Show HN: Lxinitd an init system for containers - teknopaul
http://lxinitd.tp23.org/
======
teknopaul
lxinitd is a simple /sbin/init for LXC containers. Its more simple even than
systemV, it has just one boot script /etc/rc.local. The boot script can spawn
and respawn, but has no way to write to the filesystem.

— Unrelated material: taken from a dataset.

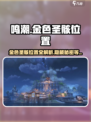 鸣潮🔥金色圣骸隐藏位置大揭秘！快来看看在哪➡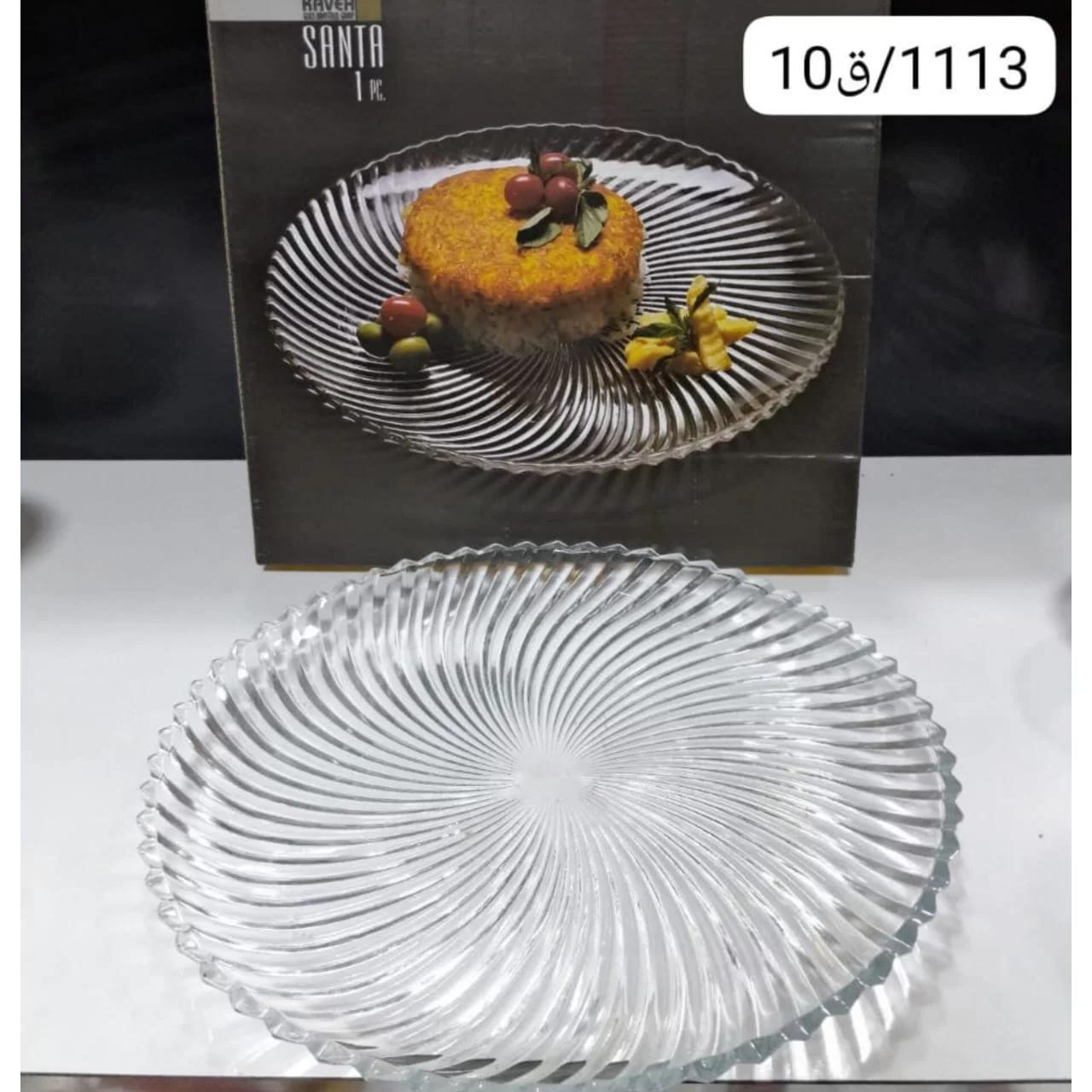 WhatsApp Image 2026 03 04 at 5.24.11 PM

I've been using it for LXC containers with nginx and xtomp, to replace busybox
so I end up with a "full OS" container that does not have even bash, no code
runtimes at all.

Also I've got a full Ubuntu server running in an LXC container, pulled out
systemd, and boot just the servers I want. That is a build server, so I can
compile C code with an Ubuntu provided tool chain installed with debs.
However, I don't have systemd or sytemd-journald, systemd-networkd systemd-
resolved, blah, blah, blah. It seems to work, I end up with an Ubuntu that
looks like this...

USER PID %CPU %MEM VSZ RSS TTY STAT START TIME COMMAND root 1 0.0 0.0 208 4 ?
Ss 19:42 0:00 /sbin/init root 28 0.0 0.0 26072 2456 ? S 19:42 0:00
/usr/sbin/cron -f root 30 0.0 0.0 65516 5580 ? S 19:42 0:00 /usr/sbin/sshd -D
syslog 31 0.0 0.0 256400 2752 ? Ssl 19:42 0:00 /usr/sbin/rsyslogd

Interested in a bit of feedback, I've not dabbled with Linux init before. I'm
wondering if ripping out stystemd is really as "safe" as it seems to be.

N.B. just for containers, my container host is Ubuntu normal.